• [Material for this task]:
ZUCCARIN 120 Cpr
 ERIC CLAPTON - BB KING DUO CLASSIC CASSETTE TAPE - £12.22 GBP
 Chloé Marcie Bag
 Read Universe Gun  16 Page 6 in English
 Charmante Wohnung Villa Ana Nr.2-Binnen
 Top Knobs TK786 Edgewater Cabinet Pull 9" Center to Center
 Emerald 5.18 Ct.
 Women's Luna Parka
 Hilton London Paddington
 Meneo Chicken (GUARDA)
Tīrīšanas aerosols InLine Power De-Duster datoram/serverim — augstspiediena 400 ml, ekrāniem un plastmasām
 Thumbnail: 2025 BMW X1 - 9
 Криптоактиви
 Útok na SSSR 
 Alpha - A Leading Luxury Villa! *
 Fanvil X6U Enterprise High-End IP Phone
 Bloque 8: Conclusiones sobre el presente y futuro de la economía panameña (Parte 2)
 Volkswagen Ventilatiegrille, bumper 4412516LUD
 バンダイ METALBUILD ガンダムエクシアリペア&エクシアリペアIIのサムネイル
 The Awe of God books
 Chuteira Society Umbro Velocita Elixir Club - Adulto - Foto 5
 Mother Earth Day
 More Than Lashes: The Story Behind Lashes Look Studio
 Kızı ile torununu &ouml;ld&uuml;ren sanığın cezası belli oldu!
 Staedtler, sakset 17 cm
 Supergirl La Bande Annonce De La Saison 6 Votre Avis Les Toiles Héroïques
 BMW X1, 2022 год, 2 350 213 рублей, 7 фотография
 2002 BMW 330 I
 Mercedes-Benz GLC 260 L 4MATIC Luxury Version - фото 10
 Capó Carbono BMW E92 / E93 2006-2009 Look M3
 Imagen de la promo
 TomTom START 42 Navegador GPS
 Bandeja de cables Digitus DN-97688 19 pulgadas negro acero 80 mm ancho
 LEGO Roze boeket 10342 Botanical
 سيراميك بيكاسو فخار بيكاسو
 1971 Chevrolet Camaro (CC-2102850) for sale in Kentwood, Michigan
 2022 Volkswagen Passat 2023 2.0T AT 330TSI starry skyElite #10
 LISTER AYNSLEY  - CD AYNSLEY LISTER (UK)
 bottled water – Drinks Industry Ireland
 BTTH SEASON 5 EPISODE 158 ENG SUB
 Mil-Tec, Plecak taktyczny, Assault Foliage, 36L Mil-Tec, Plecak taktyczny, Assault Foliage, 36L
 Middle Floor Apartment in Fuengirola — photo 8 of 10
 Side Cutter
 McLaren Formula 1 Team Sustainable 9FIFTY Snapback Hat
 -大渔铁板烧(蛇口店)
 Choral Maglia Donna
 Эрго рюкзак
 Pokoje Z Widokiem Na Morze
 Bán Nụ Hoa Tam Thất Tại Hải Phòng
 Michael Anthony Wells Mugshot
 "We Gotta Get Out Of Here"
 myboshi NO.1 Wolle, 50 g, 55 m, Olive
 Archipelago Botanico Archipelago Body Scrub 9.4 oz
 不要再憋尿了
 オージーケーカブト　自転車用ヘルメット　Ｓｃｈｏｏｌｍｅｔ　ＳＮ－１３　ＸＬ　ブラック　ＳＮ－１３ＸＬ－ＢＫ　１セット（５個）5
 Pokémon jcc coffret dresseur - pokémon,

• [The problem]: Go through the records and repeat each one exactly as written.

• [Result]:
ZUCCARIN 120 Cpr
 ERIC CLAPTON - BB KING DUO CLASSIC CASSETTE TAPE - £12.22 GBP
 Chloé Marcie Bag
 Read Universe Gun  16 Page 6 in English
 Charmante Wohnung Villa Ana Nr.2-Binnen
 Top Knobs TK786 Edgewater Cabinet Pull 9" Center to Center
 Emerald 5.18 Ct.
 Women's Luna Parka
 Hilton London Paddington
 Meneo Chicken (GUARDA)
Tīrīšanas aerosols InLine Power De-Duster datoram/serverim — augstspiediena 400 ml, ekrāniem un plastmasām
 Thumbnail: 2025 BMW X1 - 9
 Криптоактиви
 Útok na SSSR 
 Alpha - A Leading Luxury Villa! *
 Fanvil X6U Enterprise High-End IP Phone
 Bloque 8: Conclusiones sobre el presente y futuro de la economía panameña (Parte 2)
 Volkswagen Ventilatiegrille, bumper 4412516LUD
 バンダイ METALBUILD ガンダムエクシアリペア&エクシアリペアIIのサムネイル
 The Awe of God books
 Chuteira Society Umbro Velocita Elixir Club - Adulto - Foto 5
 Mother Earth Day
 More Than Lashes: The Story Behind Lashes Look Studio
 Kızı ile torununu &ouml;ld&uuml;ren sanığın cezası belli oldu!
 Staedtler, sakset 17 cm
 Supergirl La Bande Annonce De La Saison 6 Votre Avis Les Toiles Héroïques
 BMW X1, 2022 год, 2 350 213 рублей, 7 фотография
 2002 BMW 330 I
 Mercedes-Benz GLC 260 L 4MATIC Luxury Version - фото 10
 Capó Carbono BMW E92 / E93 2006-2009 Look M3
 Imagen de la promo
 TomTom START 42 Navegador GPS
 Bandeja de cables Digitus DN-97688 19 pulgadas negro acero 80 mm ancho
 LEGO Roze boeket 10342 Botanical
 سيراميك بيكاسو فخار بيكاسو
 1971 Chevrolet Camaro (CC-2102850) for sale in Kentwood, Michigan
 2022 Volkswagen Passat 2023 2.0T AT 330TSI starry skyElite #10
 LISTER AYNSLEY  - CD AYNSLEY LISTER (UK)
 bottled water – Drinks Industry Ireland
 BTTH SEASON 5 EPISODE 158 ENG SUB
 Mil-Tec, Plecak taktyczny, Assault Foliage, 36L Mil-Tec, Plecak taktyczny, Assault Foliage, 36L
 Middle Floor Apartment in Fuengirola — photo 8 of 10
 Side Cutter
 McLaren Formula 1 Team Sustainable 9FIFTY Snapback Hat
 -大渔铁板烧(蛇口店)
 Choral Maglia Donna
 Эрго рюкзак
 Pokoje Z Widokiem Na Morze
 Bán Nụ Hoa Tam Thất Tại Hải Phòng
 Michael Anthony Wells Mugshot
 "We Gotta Get Out Of Here"
 myboshi NO.1 Wolle, 50 g, 55 m, Olive
 Archipelago Botanico Archipelago Body Scrub 9.4 oz
 不要再憋尿了
 オージーケーカブト　自転車用ヘルメット　Ｓｃｈｏｏｌｍｅｔ　ＳＮ－１３　ＸＬ　ブラック　ＳＮ－１３ＸＬ－ＢＫ　１セット（５個）5
 Pokémon jcc coffret dresseur - pokémon,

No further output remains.